▶ PROBLEM STATEMENT:
When you transcribe the lines below, keep every word the same and leave the pictures behind.

▶ DATA EXCERPT:
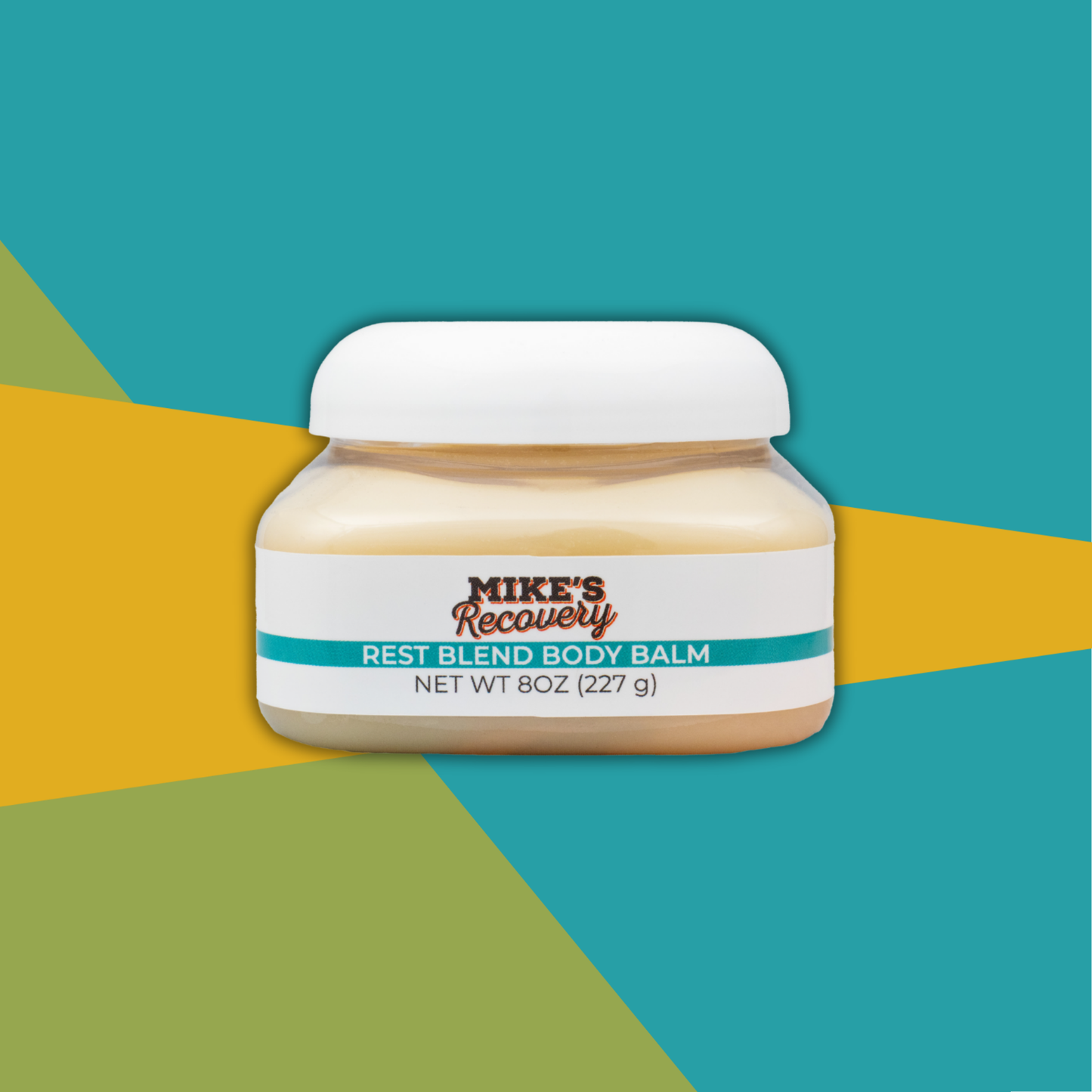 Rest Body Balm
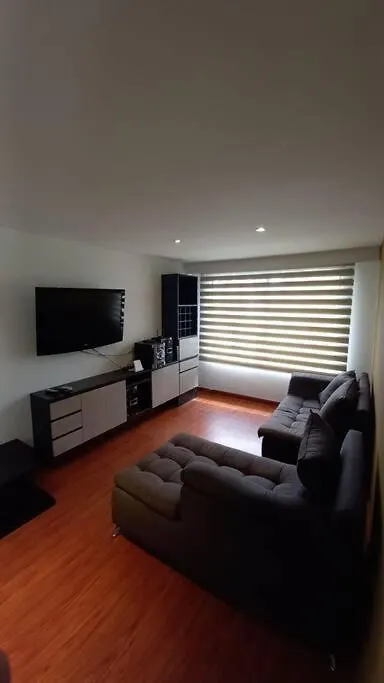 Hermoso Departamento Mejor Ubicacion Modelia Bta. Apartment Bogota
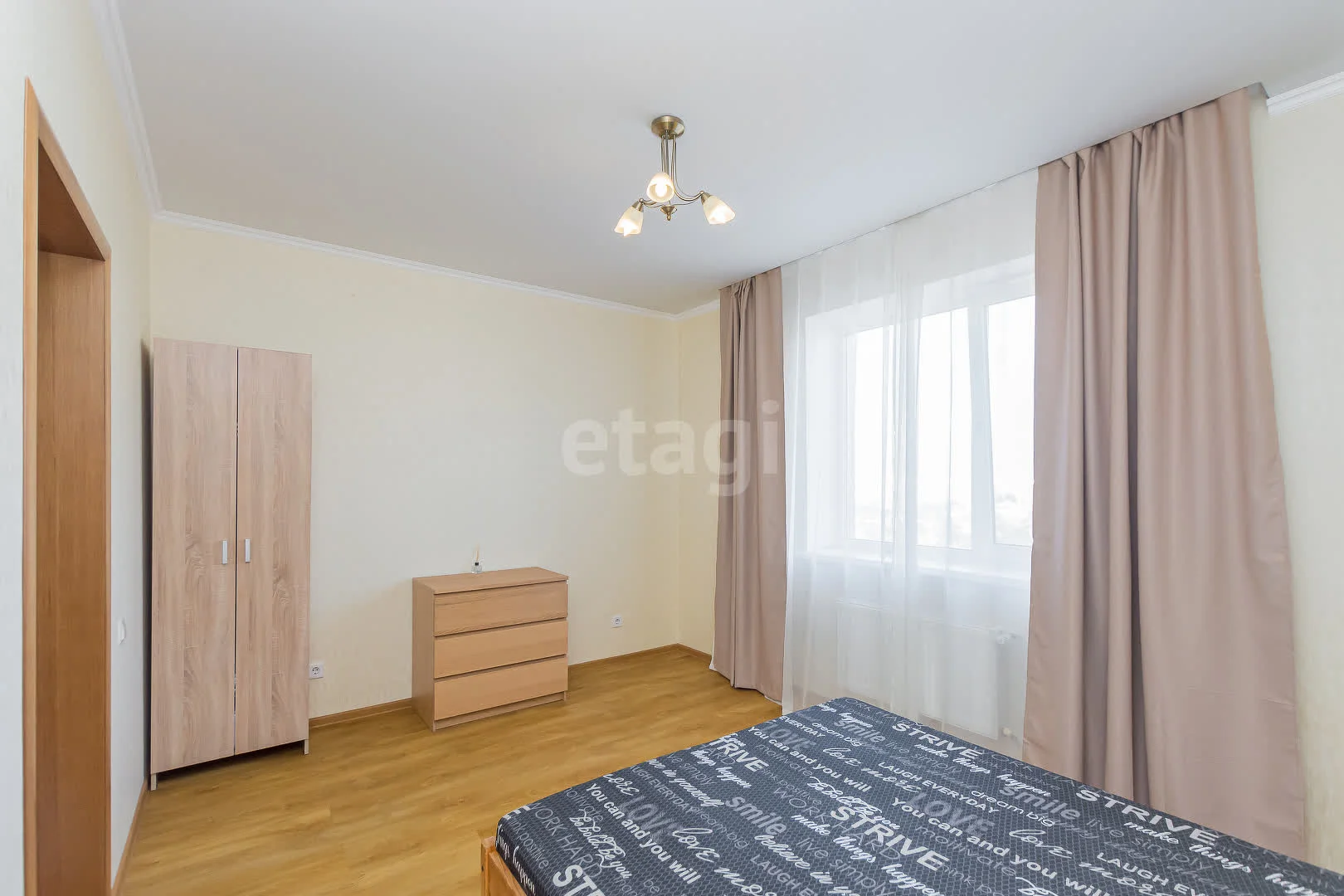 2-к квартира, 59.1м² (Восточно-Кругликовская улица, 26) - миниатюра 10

▶ RESULT FOR THIS TASK:
 Rest Body Balm
 Hermoso Departamento Mejor Ubicacion Modelia Bta. Apartment Bogota
 2-к квартира, 59.1м² (Восточно-Кругликовская улица, 26) - миниатюра 10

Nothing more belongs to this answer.